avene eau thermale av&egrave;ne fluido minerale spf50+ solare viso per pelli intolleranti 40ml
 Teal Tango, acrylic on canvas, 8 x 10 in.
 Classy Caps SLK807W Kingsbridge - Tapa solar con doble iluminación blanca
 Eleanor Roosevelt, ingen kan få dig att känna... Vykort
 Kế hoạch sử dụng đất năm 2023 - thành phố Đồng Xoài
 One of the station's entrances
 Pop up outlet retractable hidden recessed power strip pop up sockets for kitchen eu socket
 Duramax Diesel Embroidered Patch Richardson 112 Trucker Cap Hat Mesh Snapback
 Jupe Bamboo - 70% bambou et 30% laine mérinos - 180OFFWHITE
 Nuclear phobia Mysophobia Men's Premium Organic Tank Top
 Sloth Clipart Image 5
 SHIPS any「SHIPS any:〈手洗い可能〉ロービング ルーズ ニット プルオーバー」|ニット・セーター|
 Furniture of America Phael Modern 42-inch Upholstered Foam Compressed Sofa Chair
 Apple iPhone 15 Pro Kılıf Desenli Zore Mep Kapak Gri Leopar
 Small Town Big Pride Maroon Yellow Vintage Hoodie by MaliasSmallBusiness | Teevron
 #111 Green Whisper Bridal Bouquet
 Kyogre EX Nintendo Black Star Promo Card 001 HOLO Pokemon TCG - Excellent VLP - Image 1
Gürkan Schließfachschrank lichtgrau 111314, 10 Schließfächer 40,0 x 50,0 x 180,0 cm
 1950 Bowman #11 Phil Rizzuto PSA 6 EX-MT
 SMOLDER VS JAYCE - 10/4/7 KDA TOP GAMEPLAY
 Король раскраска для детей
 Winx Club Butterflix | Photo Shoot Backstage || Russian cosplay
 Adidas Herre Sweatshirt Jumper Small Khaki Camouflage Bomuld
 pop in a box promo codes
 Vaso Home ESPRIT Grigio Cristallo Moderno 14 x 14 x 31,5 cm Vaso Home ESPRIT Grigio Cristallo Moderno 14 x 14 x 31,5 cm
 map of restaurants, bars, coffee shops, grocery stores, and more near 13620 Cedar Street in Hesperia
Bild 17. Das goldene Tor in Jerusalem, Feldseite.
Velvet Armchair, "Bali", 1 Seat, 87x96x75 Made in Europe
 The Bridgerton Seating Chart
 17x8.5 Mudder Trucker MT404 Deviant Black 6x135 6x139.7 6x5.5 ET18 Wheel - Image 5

■ **ACTION ITEM**: Print the records again in full, exactly as they appear above.

■ **TASK OUTPUT**:
avene eau thermale av&egrave;ne fluido minerale spf50+ solare viso per pelli intolleranti 40ml
 Teal Tango, acrylic on canvas, 8 x 10 in.
 Classy Caps SLK807W Kingsbridge - Tapa solar con doble iluminación blanca
 Eleanor Roosevelt, ingen kan få dig att känna... Vykort
 Kế hoạch sử dụng đất năm 2023 - thành phố Đồng Xoài
 One of the station's entrances
 Pop up outlet retractable hidden recessed power strip pop up sockets for kitchen eu socket
 Duramax Diesel Embroidered Patch Richardson 112 Trucker Cap Hat Mesh Snapback
 Jupe Bamboo - 70% bambou et 30% laine mérinos - 180OFFWHITE
 Nuclear phobia Mysophobia Men's Premium Organic Tank Top
 Sloth Clipart Image 5
 SHIPS any「SHIPS any:〈手洗い可能〉ロービング ルーズ ニット プルオーバー」|ニット・セーター|
 Furniture of America Phael Modern 42-inch Upholstered Foam Compressed Sofa Chair
 Apple iPhone 15 Pro Kılıf Desenli Zore Mep Kapak Gri Leopar
 Small Town Big Pride Maroon Yellow Vintage Hoodie by MaliasSmallBusiness | Teevron
 #111 Green Whisper Bridal Bouquet
 Kyogre EX Nintendo Black Star Promo Card 001 HOLO Pokemon TCG - Excellent VLP - Image 1
Gürkan Schließfachschrank lichtgrau 111314, 10 Schließfächer 40,0 x 50,0 x 180,0 cm
 1950 Bowman #11 Phil Rizzuto PSA 6 EX-MT
 SMOLDER VS JAYCE - 10/4/7 KDA TOP GAMEPLAY
 Король раскраска для детей
 Winx Club Butterflix | Photo Shoot Backstage || Russian cosplay
 Adidas Herre Sweatshirt Jumper Small Khaki Camouflage Bomuld
 pop in a box promo codes
 Vaso Home ESPRIT Grigio Cristallo Moderno 14 x 14 x 31,5 cm Vaso Home ESPRIT Grigio Cristallo Moderno 14 x 14 x 31,5 cm
 map of restaurants, bars, coffee shops, grocery stores, and more near 13620 Cedar Street in Hesperia
Bild 17. Das goldene Tor in Jerusalem, Feldseite.
Velvet Armchair, "Bali", 1 Seat, 87x96x75 Made in Europe
 The Bridgerton Seating Chart
 17x8.5 Mudder Trucker MT404 Deviant Black 6x135 6x139.7 6x5.5 ET18 Wheel - Image 5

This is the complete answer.